[Material supplied Boundary: Start]
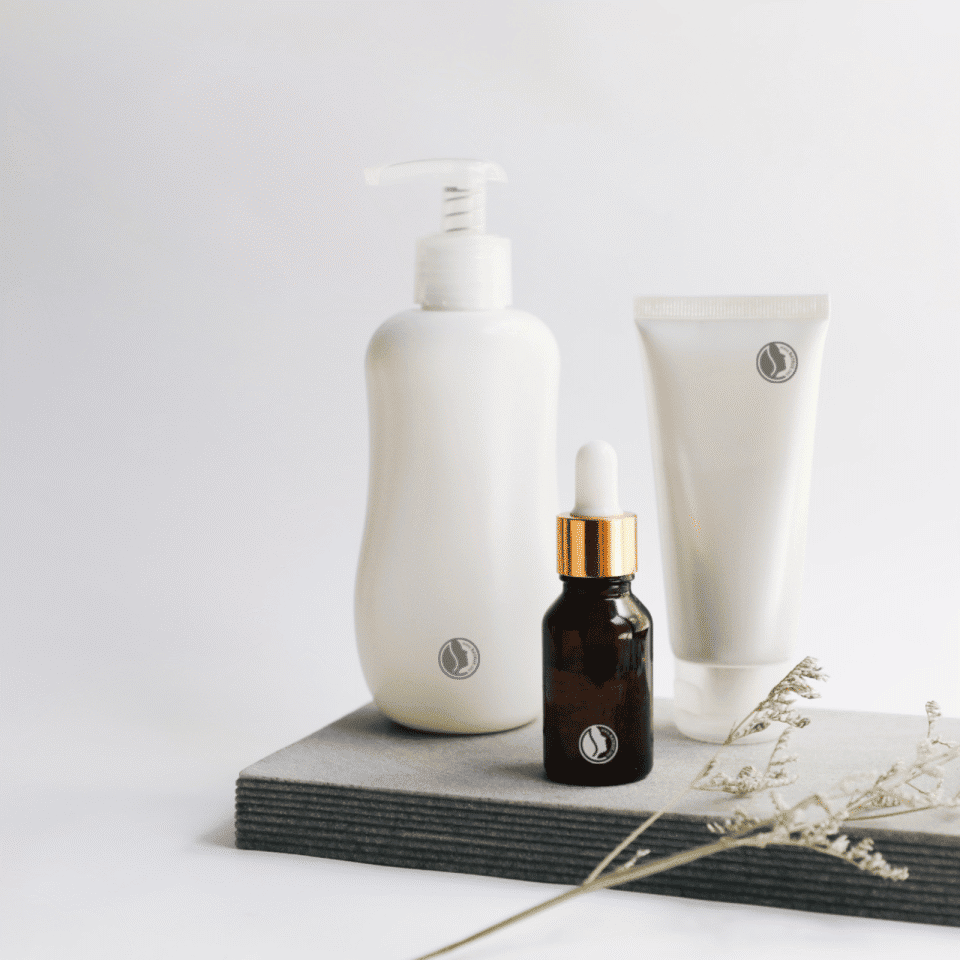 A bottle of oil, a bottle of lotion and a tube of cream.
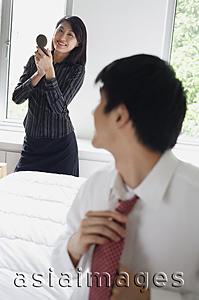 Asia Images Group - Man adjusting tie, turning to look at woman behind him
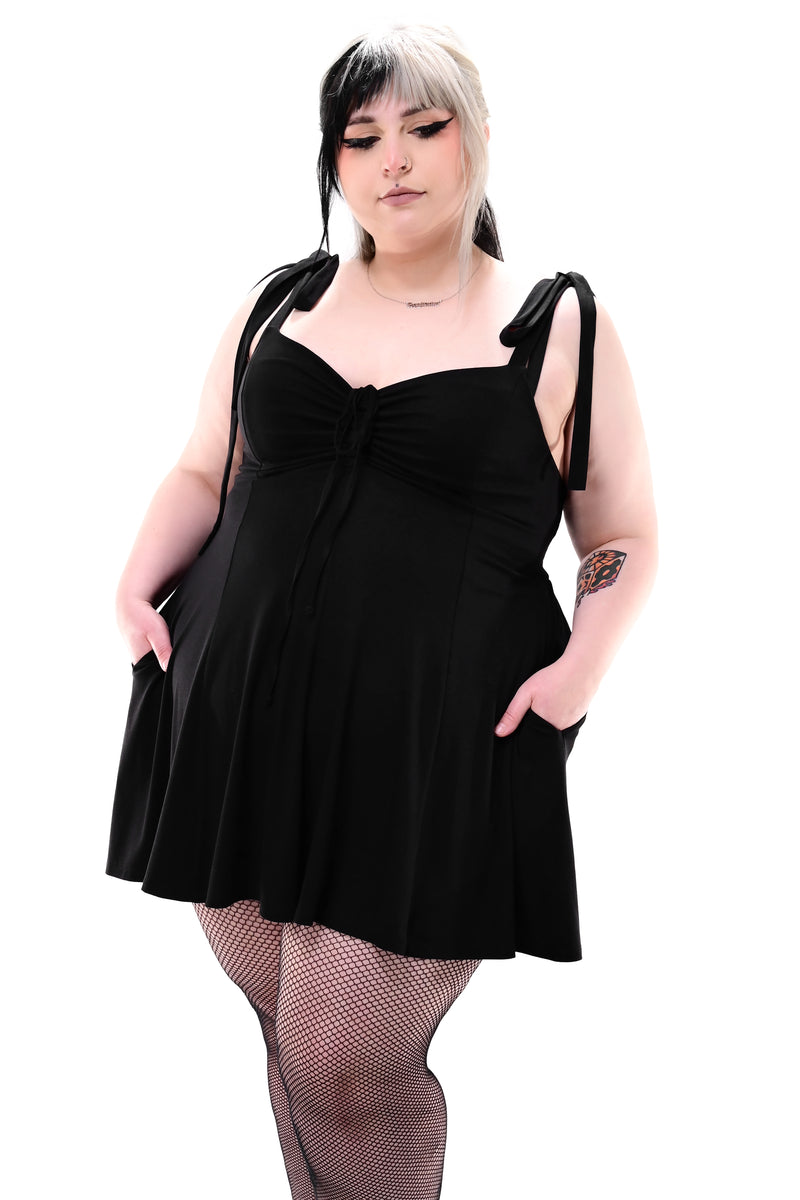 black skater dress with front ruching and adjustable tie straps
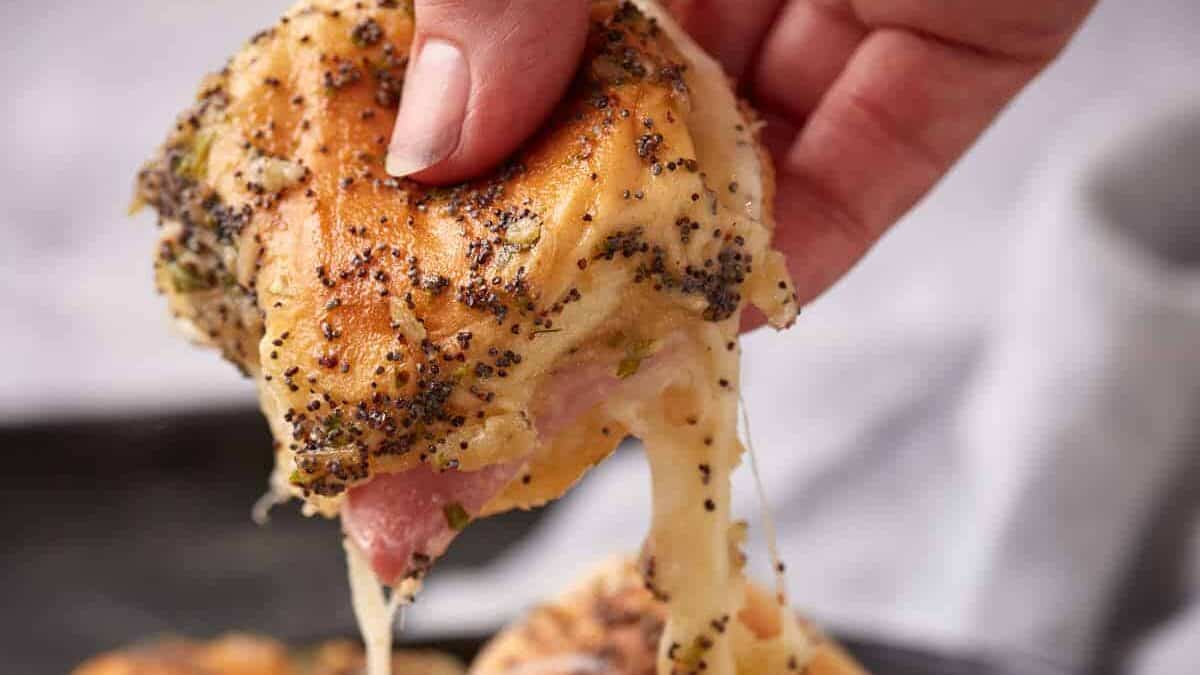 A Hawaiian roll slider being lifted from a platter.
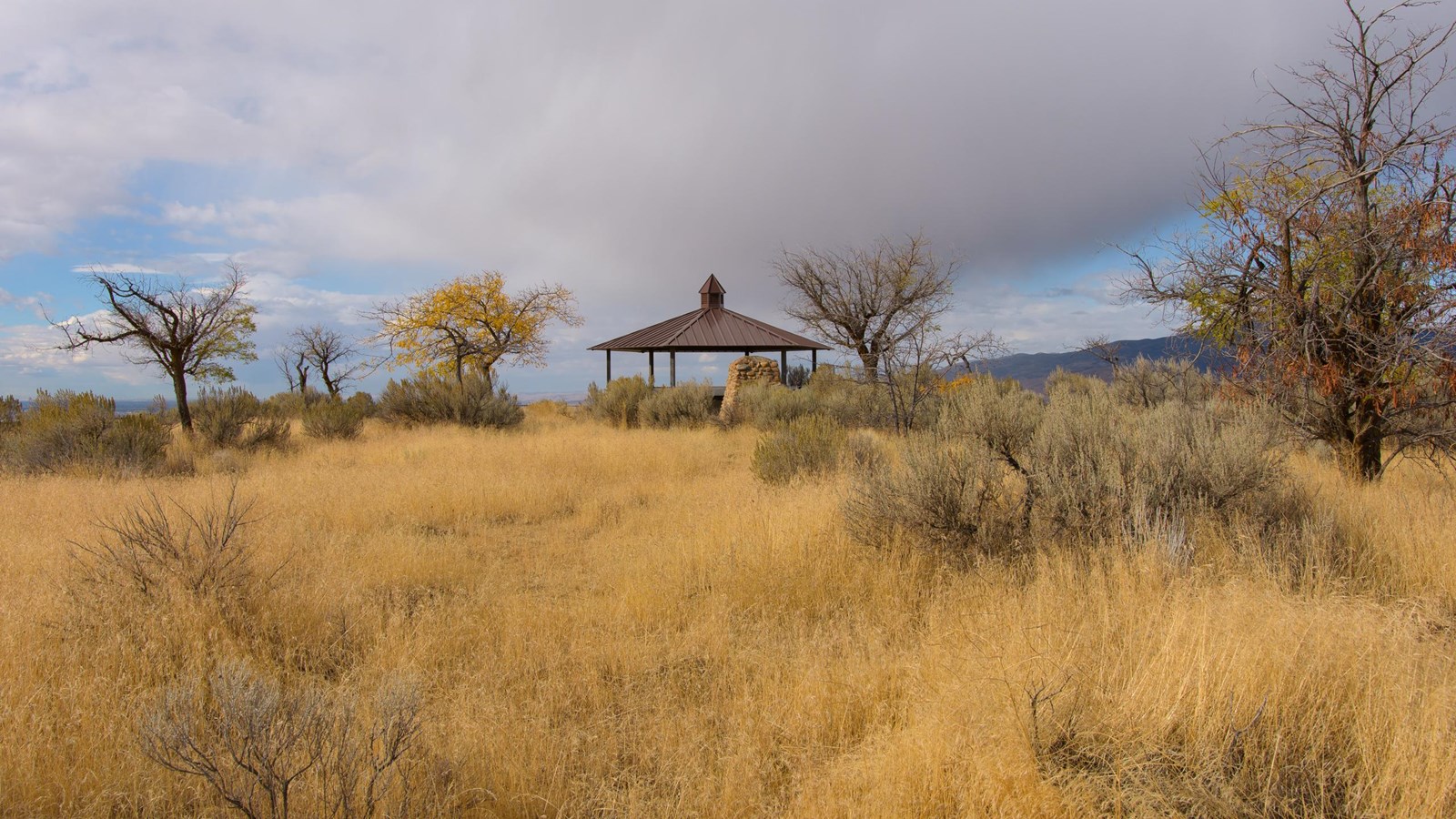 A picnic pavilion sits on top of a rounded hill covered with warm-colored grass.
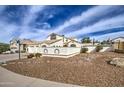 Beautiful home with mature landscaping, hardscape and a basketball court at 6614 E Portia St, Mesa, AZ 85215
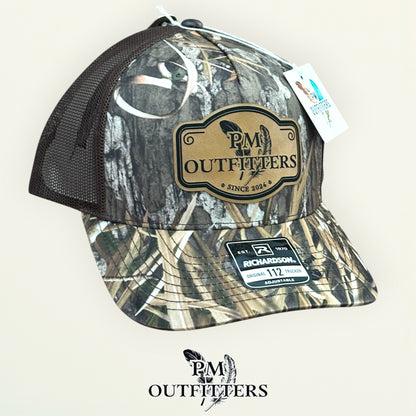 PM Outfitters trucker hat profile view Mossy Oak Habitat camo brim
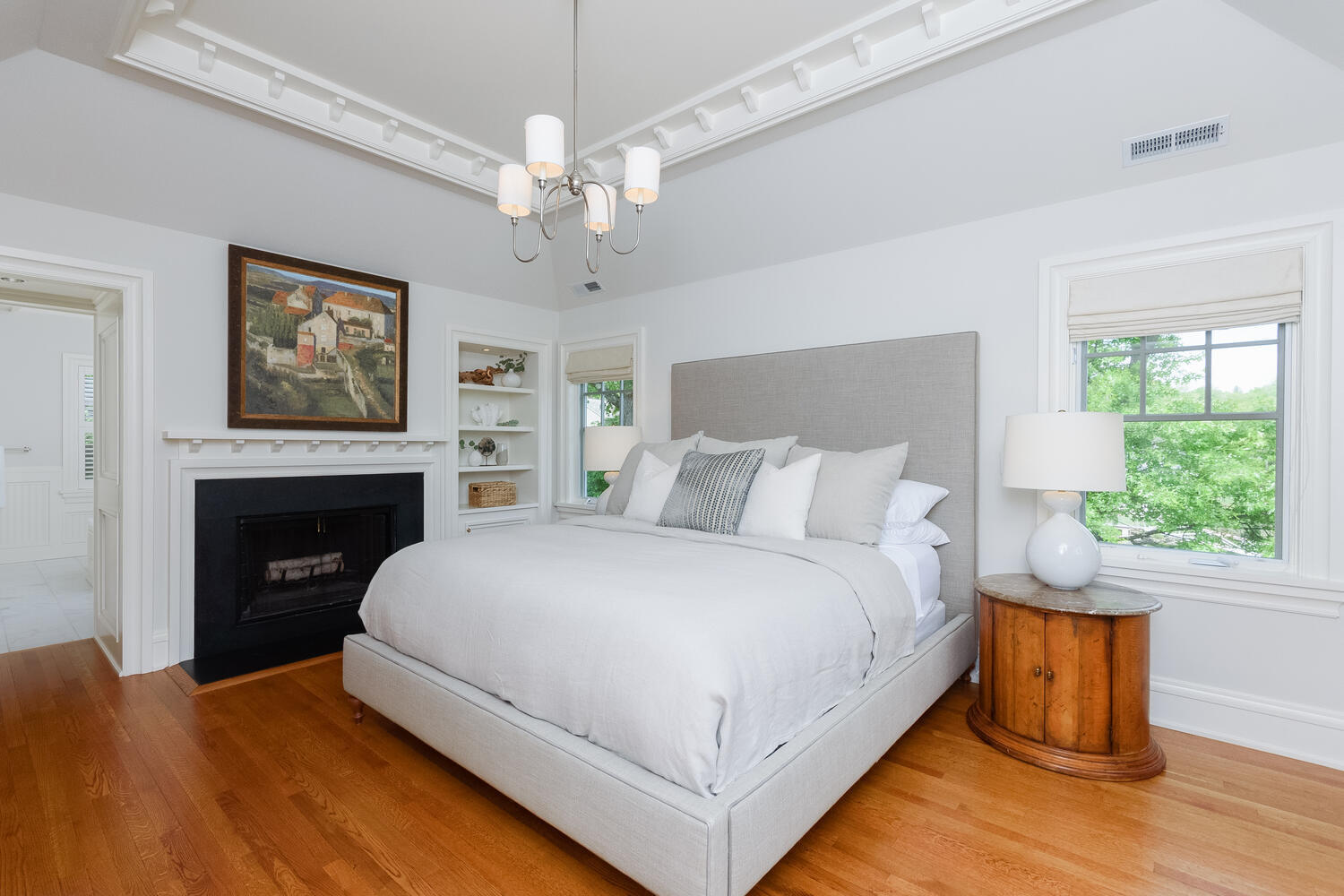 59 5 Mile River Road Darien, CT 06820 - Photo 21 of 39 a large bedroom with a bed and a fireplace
[Material supplied Boundary: End]
Problem to solve - Take the lines from the one containing "Beautiful home with" through the last line of the listing and repeat them exactly. Omit the pictures.

The completed task -
 Beautiful home with mature landscaping, hardscape and a basketball court at 6614 E Portia St, Mesa, AZ 85215
 PM Outfitters trucker hat profile view Mossy Oak Habitat camo brim
 59 5 Mile River Road Darien, CT 06820 - Photo 21 of 39 a large bedroom with a bed and a fireplace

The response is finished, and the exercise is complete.